Dataset records

►

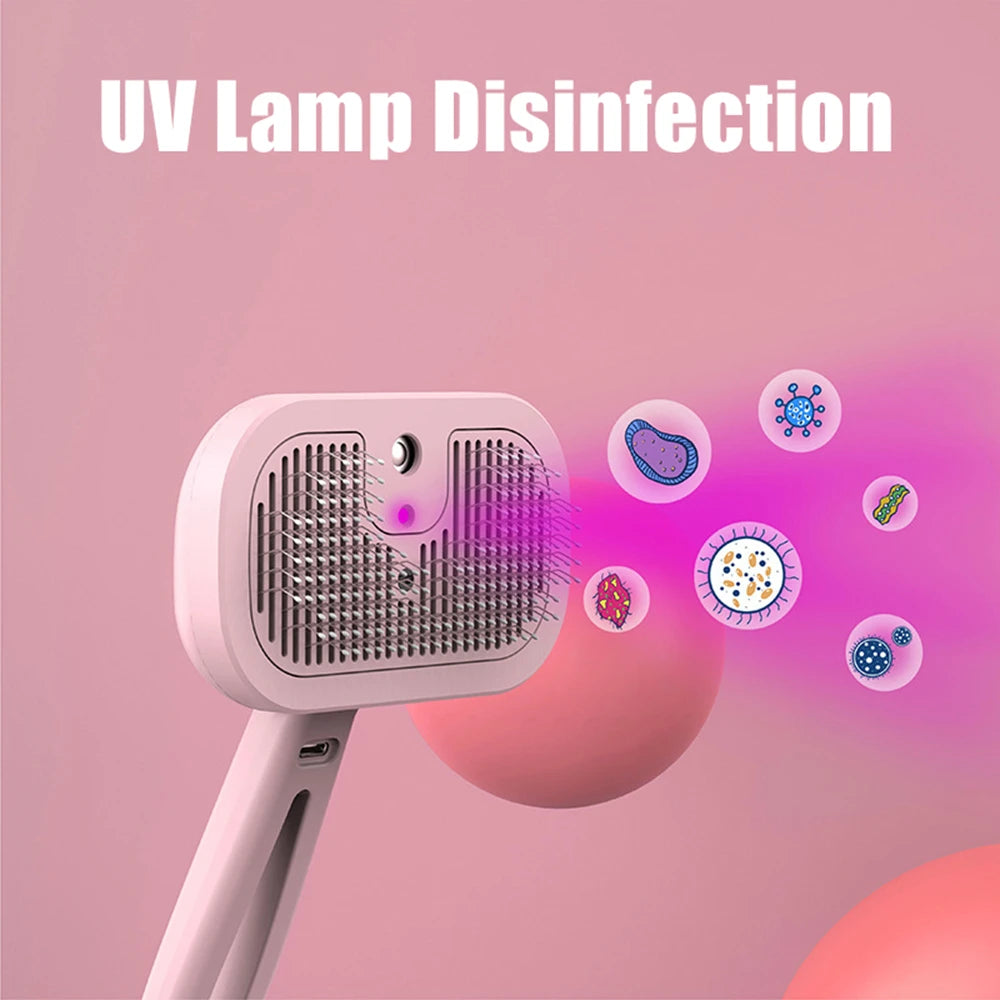 Type-c Rechargeable Pet Spray Disinfection Self-cleaning Comb Pet Massage Comb Steam Brush for Hair Care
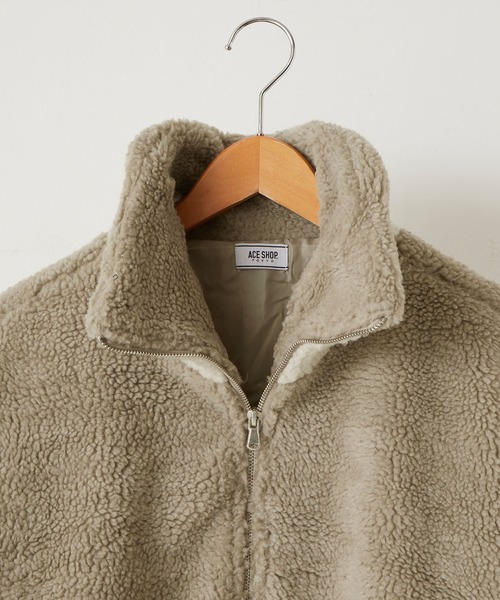 Anchor Smith（アンカー スミス）の「ビッグシルエット配色プードルボアハイネックジップブルゾン（ブルゾン・メンズ・ブラウン/グレー/ベージュ・FREE）」の12枚目の写真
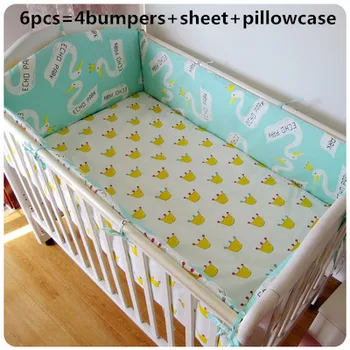 6PCS otroška posteljica posteljnine komplet bombaž, komplet berço jaslice posteljo nastavite otroška posteljnina ,vključujejo(odbijač+streha+vzglavnik pokrov)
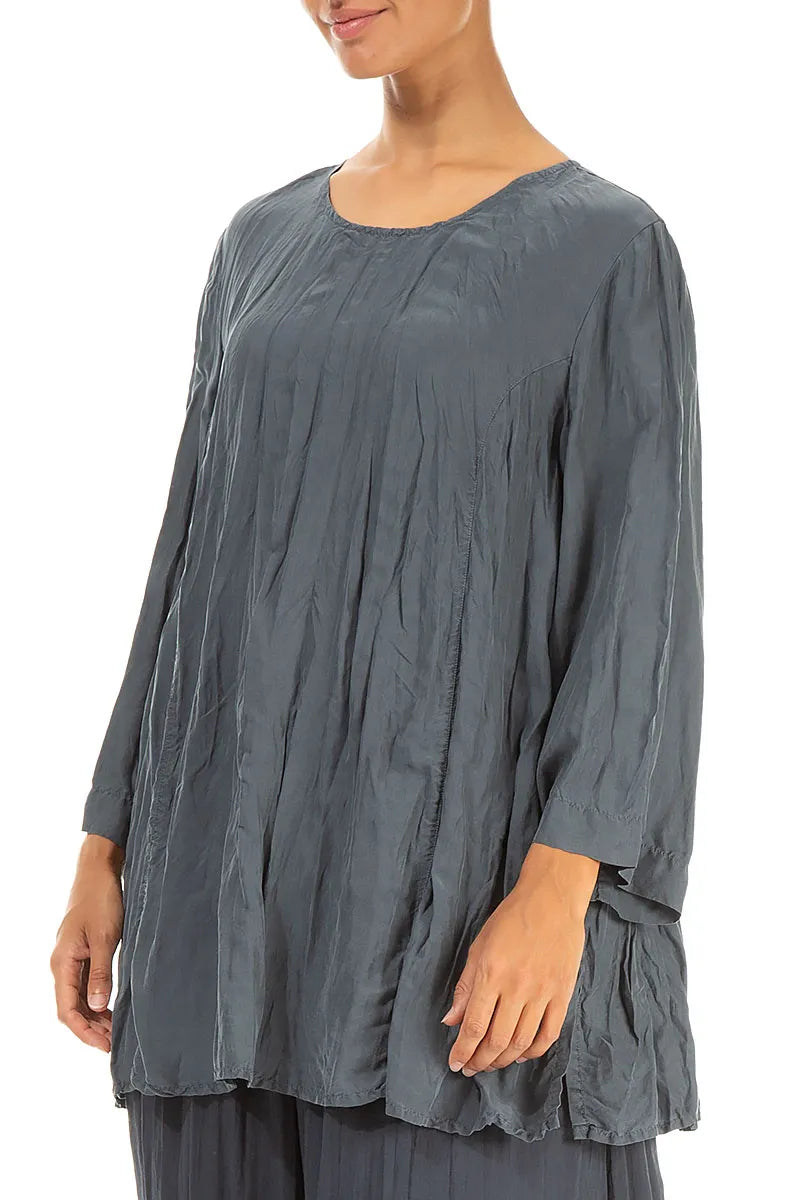 Graphite Crumpled Pure Silk Tunic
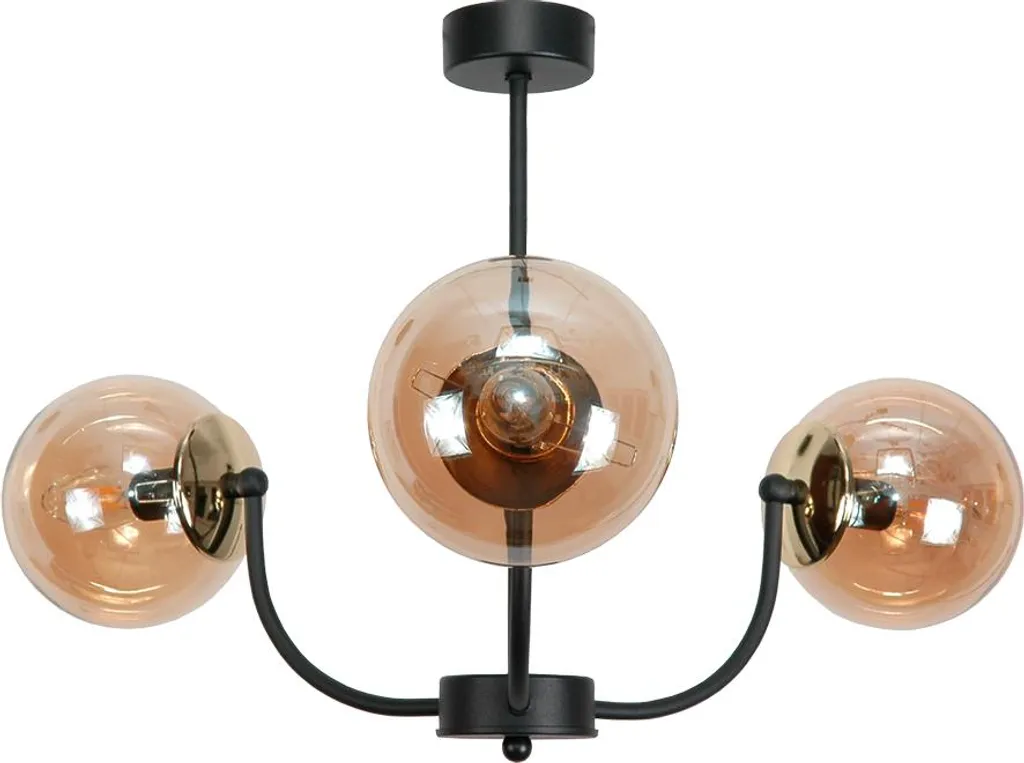 Lampada A Sospensione In Vetro Nero Amber 15-132 Esti Ned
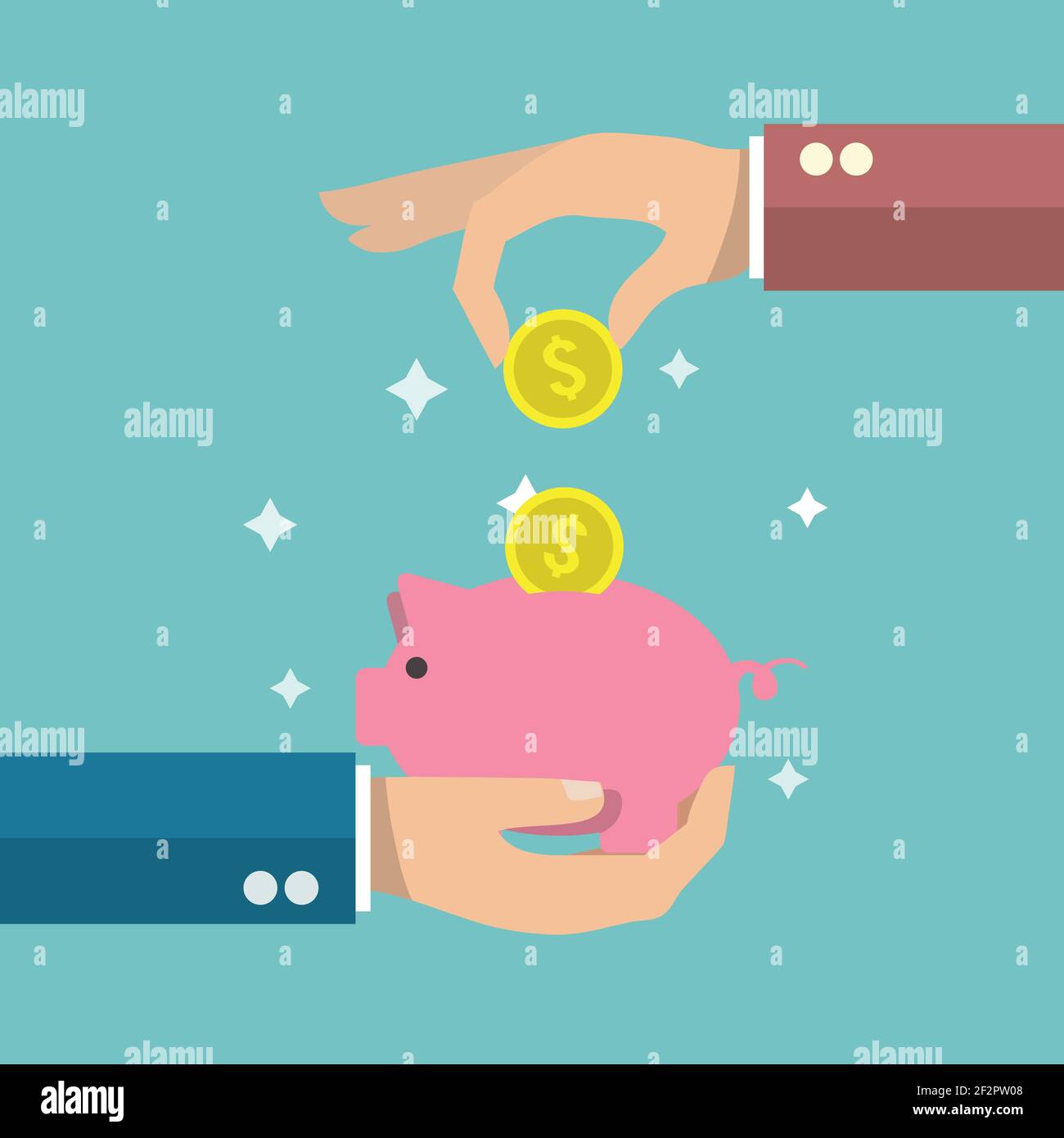 Hand putting a gold coin in funny pink piggy bank money box poster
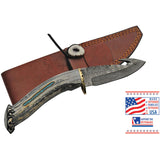 Rite Edge USA Guthook Brown & Tan Curved Damascus Fixed Blade Knife DHDMB2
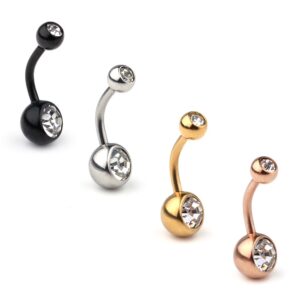 ruifan 4pcs 14g clear birthstone crystal ball belly button rings navel barbell body jewelry piercing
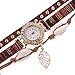 CdyBox Women's 6 Pack Inlay Diamond Wrist Watches Wrap Around Bracelet Analog Quartz Dress Wrist Watches Gifts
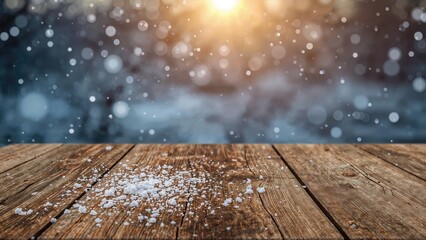 Poster - winter scene featuring snow-covered wood and a glowing evening sky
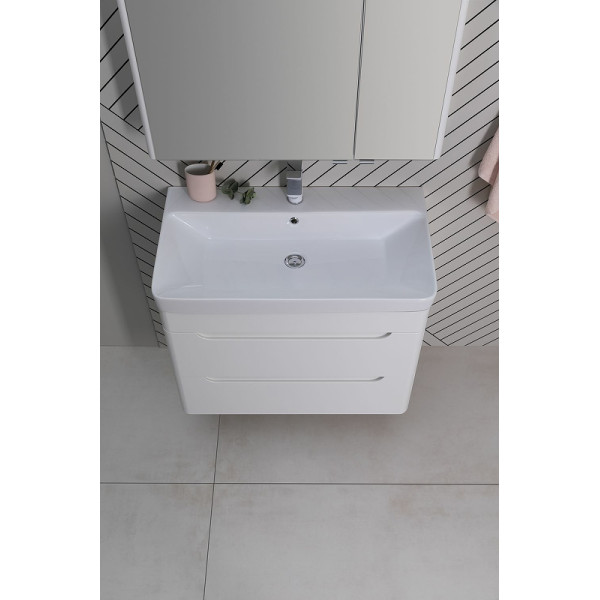 Тумба подвесная Aquanet София 80 белый глянец (2 ящика) (00274002)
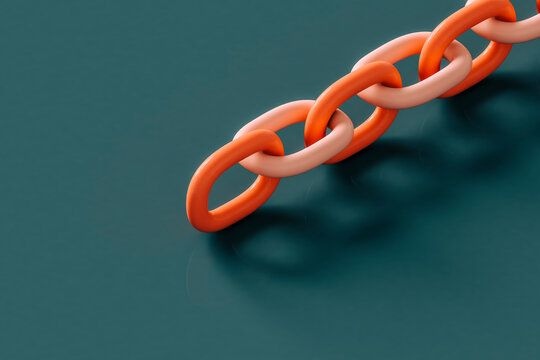 close up of Pink chains on elegant blue background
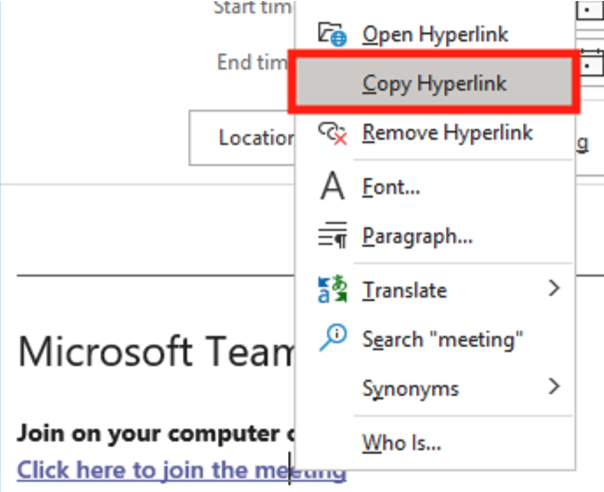 Right click menu from an emailed Teams link with Copy Hyperlink selected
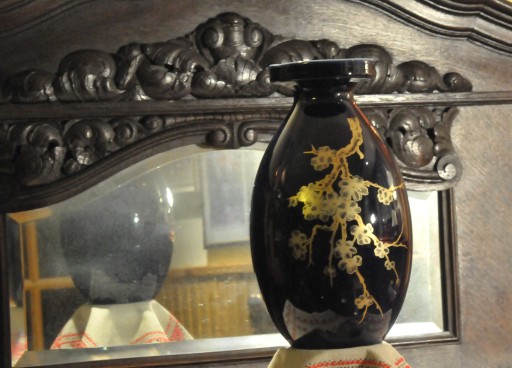 Gerold kobaltowy wazon florystyczny złote kwiaty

◄

Work required »
Set down every record exactly as written, but drop the pictures.

Exercise answer »
 Type-c Rechargeable Pet Spray Disinfection Self-cleaning Comb Pet Massage Comb Steam Brush for Hair Care
 Anchor Smith（アンカー スミス）の「ビッグシルエット配色プードルボアハイネックジップブルゾン（ブルゾン・メンズ・ブラウン/グレー/ベージュ・FREE）」の12枚目の写真
 6PCS otroška posteljica posteljnine komplet bombaž, komplet berço jaslice posteljo nastavite otroška posteljnina ,vključujejo(odbijač+streha+vzglavnik pokrov)
 Graphite Crumpled Pure Silk Tunic
 Lampada A Sospensione In Vetro Nero Amber 15-132 Esti Ned
 Hand putting a gold coin in funny pink piggy bank money box poster
 Rite Edge USA Guthook Brown & Tan Curved Damascus Fixed Blade Knife DHDMB2
 ruifan 4pcs 14g clear birthstone crystal ball belly button rings navel barbell body jewelry piercing
 CdyBox Women's 6 Pack Inlay Diamond Wrist Watches Wrap Around Bracelet Analog Quartz Dress Wrist Watches Gifts
 Poster - winter scene featuring snow-covered wood and a glowing evening sky
 Тумба подвесная Aquanet София 80 белый глянец (2 ящика) (00274002)
 close up of Pink chains on elegant blue background
 Right click menu from an emailed Teams link with Copy Hyperlink selected
 Gerold kobaltowy wazon florystyczny złote kwiaty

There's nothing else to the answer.